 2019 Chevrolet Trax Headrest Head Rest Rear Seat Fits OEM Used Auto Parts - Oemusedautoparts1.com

________________________

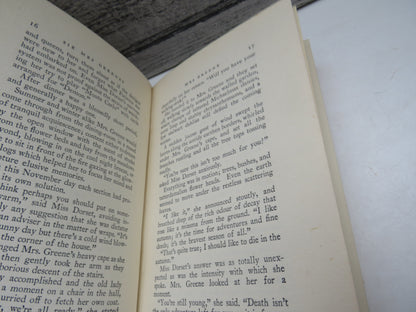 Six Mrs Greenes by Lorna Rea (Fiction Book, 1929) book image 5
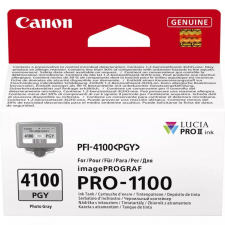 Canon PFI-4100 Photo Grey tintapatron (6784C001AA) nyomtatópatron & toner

________________________

When copying from the data above, begin at the line containing "Six Mrs Greenes" and end at the line containing "Canon PFI-4100 Photo"; return those lines exactly and leave all pictures behind.

 Six Mrs Greenes by Lorna Rea (Fiction Book, 1929) book image 5
 Canon PFI-4100 Photo Grey tintapatron (6784C001AA) nyomtatópatron & toner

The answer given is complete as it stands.